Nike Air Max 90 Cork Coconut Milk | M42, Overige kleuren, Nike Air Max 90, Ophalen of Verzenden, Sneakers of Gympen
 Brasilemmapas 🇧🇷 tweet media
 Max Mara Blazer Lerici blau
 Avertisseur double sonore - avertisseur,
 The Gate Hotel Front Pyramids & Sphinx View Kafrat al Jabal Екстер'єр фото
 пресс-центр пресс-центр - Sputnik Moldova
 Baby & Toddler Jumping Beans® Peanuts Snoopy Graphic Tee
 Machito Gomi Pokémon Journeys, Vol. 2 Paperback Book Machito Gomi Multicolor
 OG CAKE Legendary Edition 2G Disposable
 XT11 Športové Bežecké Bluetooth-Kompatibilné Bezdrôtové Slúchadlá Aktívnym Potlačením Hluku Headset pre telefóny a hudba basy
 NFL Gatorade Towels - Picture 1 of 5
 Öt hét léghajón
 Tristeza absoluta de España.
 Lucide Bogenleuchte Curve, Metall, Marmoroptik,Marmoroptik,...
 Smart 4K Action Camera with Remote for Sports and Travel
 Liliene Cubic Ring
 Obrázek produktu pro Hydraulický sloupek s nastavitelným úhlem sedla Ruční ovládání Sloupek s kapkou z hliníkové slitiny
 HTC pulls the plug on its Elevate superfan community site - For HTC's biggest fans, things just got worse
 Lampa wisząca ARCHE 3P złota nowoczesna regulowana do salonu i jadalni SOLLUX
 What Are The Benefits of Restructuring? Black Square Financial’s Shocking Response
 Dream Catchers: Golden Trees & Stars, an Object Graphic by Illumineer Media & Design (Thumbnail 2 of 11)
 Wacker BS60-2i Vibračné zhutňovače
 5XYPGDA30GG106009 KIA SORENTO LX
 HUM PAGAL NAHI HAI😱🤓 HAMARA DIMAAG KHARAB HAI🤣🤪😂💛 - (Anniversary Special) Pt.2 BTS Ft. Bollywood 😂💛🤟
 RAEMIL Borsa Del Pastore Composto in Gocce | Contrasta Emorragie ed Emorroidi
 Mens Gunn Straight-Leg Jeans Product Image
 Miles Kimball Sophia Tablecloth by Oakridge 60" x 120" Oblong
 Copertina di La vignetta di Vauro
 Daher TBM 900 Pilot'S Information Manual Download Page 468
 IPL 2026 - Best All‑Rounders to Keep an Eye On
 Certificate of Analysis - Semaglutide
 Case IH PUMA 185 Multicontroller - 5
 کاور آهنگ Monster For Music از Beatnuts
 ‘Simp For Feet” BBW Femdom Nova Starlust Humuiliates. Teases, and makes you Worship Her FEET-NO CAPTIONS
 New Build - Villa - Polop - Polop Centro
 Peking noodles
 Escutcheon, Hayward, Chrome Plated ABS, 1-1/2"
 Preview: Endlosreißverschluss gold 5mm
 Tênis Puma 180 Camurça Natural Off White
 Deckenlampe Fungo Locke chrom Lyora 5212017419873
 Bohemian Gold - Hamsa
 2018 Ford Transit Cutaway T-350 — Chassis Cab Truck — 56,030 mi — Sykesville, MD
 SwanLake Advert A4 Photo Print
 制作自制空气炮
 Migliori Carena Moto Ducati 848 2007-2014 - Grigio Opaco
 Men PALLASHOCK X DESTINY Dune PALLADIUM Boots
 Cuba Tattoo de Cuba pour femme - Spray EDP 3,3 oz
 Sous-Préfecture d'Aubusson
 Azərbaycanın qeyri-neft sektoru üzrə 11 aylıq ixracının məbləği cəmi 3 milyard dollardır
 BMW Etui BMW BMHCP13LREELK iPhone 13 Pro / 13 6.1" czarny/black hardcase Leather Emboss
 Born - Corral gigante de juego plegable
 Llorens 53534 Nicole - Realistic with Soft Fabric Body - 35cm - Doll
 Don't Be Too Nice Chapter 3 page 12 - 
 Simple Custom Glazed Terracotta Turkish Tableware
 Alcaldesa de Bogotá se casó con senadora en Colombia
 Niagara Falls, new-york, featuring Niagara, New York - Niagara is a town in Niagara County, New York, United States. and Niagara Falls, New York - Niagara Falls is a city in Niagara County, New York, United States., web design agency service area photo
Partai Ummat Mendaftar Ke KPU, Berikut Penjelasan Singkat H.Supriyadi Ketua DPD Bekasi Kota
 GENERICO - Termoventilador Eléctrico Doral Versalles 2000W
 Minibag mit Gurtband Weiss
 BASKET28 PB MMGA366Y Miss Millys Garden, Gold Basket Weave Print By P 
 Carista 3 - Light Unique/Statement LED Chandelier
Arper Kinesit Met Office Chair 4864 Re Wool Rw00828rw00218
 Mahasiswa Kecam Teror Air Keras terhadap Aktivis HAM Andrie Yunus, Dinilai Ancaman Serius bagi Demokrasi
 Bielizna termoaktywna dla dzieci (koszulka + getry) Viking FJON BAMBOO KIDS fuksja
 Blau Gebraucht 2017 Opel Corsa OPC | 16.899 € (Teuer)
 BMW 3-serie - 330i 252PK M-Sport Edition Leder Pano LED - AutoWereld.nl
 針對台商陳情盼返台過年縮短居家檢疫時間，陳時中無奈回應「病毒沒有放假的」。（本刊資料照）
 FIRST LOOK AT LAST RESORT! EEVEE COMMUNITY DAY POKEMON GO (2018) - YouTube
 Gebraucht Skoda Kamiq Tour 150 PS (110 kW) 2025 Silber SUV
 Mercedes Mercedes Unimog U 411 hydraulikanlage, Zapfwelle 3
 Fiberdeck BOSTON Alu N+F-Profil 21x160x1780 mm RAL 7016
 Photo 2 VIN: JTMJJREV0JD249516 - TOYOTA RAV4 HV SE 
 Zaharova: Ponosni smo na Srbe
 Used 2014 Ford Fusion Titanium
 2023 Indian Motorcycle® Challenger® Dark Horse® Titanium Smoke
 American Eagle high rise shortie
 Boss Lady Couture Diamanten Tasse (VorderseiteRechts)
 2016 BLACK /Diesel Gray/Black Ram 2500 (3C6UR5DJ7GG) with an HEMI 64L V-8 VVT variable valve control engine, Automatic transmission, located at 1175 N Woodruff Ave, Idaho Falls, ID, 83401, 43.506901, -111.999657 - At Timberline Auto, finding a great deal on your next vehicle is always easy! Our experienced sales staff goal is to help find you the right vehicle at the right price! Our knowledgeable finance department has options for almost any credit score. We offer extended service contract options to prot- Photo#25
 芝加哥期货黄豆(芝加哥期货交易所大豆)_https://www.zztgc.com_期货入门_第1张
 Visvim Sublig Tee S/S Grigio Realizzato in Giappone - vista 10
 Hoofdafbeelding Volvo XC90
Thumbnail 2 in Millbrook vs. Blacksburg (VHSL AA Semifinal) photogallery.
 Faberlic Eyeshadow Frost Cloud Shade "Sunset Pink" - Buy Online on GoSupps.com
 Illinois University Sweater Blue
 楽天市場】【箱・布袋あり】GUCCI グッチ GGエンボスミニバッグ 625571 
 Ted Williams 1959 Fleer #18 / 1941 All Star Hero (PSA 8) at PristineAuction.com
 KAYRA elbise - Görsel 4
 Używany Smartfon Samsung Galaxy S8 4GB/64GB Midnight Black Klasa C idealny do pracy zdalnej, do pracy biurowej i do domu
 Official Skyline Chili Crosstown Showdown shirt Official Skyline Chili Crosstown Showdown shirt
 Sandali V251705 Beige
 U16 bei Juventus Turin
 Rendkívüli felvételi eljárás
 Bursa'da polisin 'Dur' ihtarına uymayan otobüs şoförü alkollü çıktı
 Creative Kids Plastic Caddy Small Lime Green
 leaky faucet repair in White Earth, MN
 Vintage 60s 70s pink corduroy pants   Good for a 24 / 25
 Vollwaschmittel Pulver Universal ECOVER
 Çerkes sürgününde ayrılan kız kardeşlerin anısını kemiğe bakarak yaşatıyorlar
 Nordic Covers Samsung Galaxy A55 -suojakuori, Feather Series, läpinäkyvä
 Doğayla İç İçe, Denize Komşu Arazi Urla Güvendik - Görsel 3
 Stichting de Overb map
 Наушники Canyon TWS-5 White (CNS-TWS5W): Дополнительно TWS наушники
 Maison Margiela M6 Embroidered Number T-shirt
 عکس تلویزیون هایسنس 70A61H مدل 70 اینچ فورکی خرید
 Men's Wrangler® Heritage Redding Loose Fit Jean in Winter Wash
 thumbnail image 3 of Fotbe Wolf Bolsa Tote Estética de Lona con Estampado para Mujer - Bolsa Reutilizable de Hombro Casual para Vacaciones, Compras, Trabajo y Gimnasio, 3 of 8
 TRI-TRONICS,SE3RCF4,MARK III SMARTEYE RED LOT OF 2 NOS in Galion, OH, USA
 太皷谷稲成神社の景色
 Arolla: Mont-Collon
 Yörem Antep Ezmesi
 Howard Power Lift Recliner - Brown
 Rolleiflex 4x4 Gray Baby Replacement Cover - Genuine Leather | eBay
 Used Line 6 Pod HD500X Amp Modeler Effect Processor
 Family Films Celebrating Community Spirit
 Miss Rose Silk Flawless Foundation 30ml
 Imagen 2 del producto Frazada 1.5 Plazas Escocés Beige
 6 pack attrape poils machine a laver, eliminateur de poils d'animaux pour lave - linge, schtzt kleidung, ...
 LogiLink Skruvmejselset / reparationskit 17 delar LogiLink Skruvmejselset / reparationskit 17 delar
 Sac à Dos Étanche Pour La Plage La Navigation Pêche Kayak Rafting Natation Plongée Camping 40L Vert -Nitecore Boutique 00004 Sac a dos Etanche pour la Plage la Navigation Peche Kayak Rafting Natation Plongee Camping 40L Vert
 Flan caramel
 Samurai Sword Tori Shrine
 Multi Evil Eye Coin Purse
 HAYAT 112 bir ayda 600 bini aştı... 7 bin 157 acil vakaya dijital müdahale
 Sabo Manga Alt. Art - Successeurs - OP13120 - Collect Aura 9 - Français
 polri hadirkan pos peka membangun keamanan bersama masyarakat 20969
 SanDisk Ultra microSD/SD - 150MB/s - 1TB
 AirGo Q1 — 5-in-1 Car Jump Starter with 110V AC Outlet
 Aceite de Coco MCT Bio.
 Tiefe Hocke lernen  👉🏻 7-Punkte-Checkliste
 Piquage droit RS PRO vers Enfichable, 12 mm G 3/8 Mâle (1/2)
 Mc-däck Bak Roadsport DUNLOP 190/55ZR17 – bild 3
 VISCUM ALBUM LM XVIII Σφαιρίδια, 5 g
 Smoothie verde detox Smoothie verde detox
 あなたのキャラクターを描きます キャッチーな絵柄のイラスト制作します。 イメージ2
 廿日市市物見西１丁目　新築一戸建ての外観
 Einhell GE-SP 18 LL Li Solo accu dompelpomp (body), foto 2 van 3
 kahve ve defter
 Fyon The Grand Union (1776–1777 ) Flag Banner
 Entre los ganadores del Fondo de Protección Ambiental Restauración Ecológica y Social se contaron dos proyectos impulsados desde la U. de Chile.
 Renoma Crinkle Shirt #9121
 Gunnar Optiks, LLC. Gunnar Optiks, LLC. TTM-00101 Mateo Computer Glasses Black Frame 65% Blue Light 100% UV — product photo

* **Goal of the exercise**
Across the records above, tally the lines that contain "Ford" and return the number alone.

* **Result of this task**
2